The answer to the second part is simpler: sometimes the quotations are chosen prior to the completion of the poem, and sometimes much later.
I would like to say three things regarding the use of epigraphs in my poetry. Firstly, I hope to inspire, someday, some vision of pedagogic value in my writing. This is so because the epigraphs are primarily portraits or frames which bind the poems underneath them. Every poem is written like a picture composition, a very common nineteenth century practice, as well as a now-depleting pedagogical resource. I like deploying a sort of roman à clef wherein I try to both conceal and reveal—in short encode the principle of reality—in the epigraphs I choose. I have always enjoyed and heard of people doing the same while reading literature that makes the use of a key. The trick is to alienate the persona enough so as to not allow even the most familiar reader to locate identities of people or spaces from within the context of the poem. Else, the writing is reduced to a meretricious cipher. The epigraph however will always lead back to something very intimate which can unfold—for the psychoanalyst for instance—the entire sequence and plot of events on which the given poem is based.

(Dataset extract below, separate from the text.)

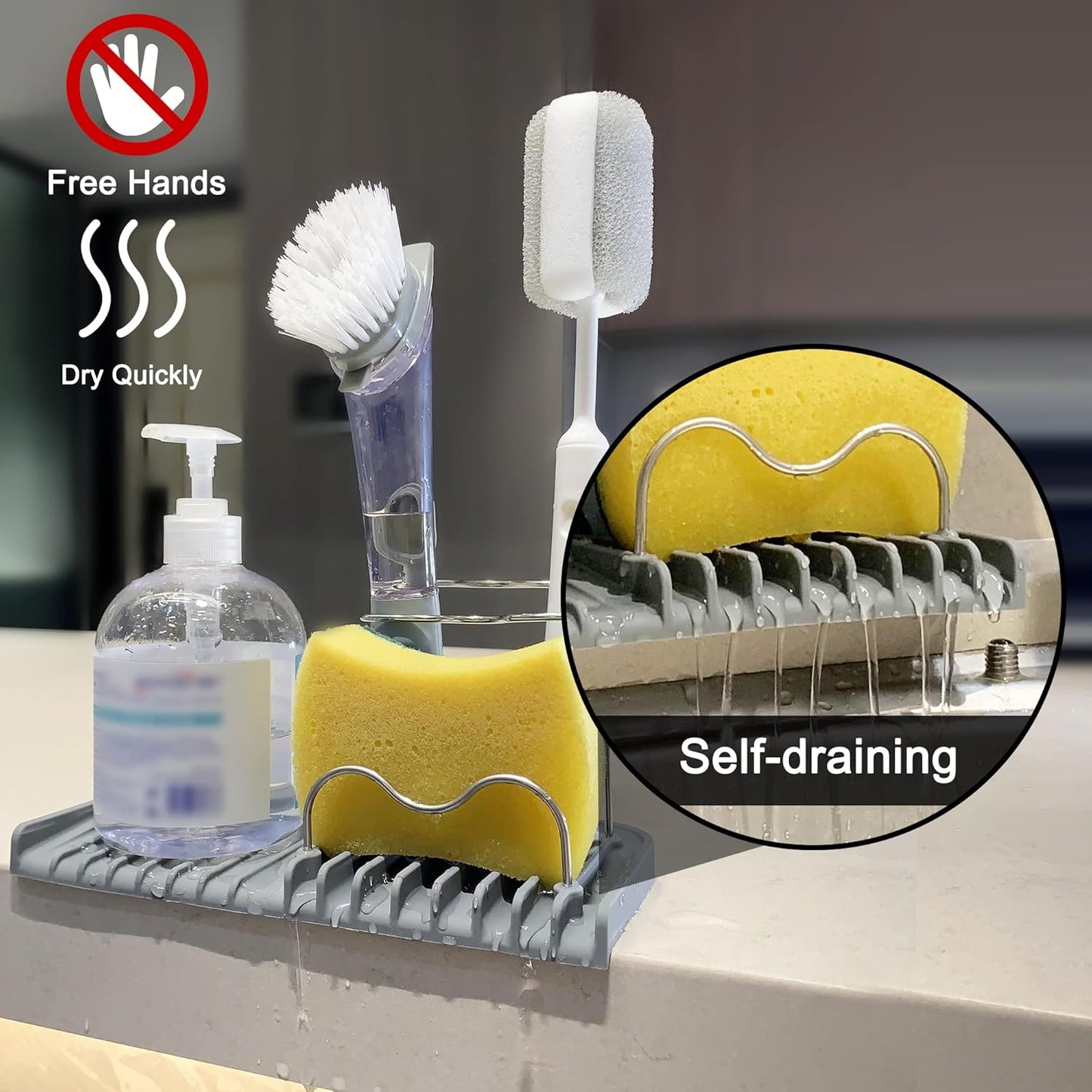 Sponge holder for kitchen sink caddy accessories gadgets, dish soap brush holder for sink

The most singular reason I can cite for these epigraphs is one that comes from my academic sensibility. As an academic I am very attracted to the use of epigraphs in esoteric essays which practically no one reads. Somehow it adds a lot of aesthetic value to the appearance of the text of the essay. On a more serious note, the academic essay has the provision of footnotes, endnotes, in-text citations and so on. The poet has none of those privileges. Rather, the poet is deemed to be free. Even if he wants to refer to another writer he is condemned to not be able to cite. The epigraphs are part of my own technique of poetic citation.

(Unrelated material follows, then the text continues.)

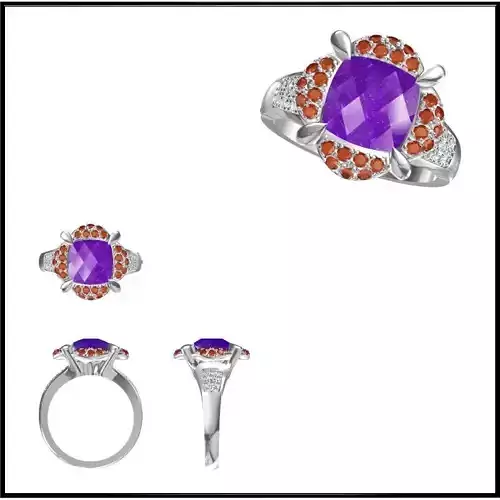 JCD Format Fancy color stone rings cad cam jewelry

Often I discover such irrevocably magnificent lines—sound-images, prepositions, adjectival nouns—in poetry which I cannot help but reproduce almost in entirety. In my poem ‘Al-Hijr’ I wrote the following lines:
Where do I go with such visions of the rails
which the philandering rail hardly comprehends—
soiled, dismembered, remembered compartments
The sounds and the nostalgic dilettantism of the love-object were directly drawn from Eliot’s “You had such a vision of the street/As the street hardly understands,” in ‘Preludes’. The very first stanza of ‘Al-Hijr’ bore the line “La lune ne garde aucune rancune—,” which was also meant to draw attention to Eliot. As regards the epigraph of the same poem, which is from Philip Larkin’s ‘An Arundel Tomb’ the lines “On a rain-littered platform they arrive/endlessly altered from a long ziyaarat/ from a desert mazaar or Arundel tomb” are once again very directly meant to resonate with Larkin’s “Light/ Each summer thronged the glass. A bright/ Litter of birdcalls strewed the same/ Bone-riddled ground. And up the paths/ The endless altered people came, Washing at their identity.” Such lines create such indelible impressions on my mind that their strong visual impact commands from me a poetic citation. Eliot’s “I am moved by fancies that are curled/ Around these images, and cling:/ The notion of some infinitely gentle/ Infinitely suffering thing” also had a similar effect and I used it as an epigraph to my poem ‘Karvat.’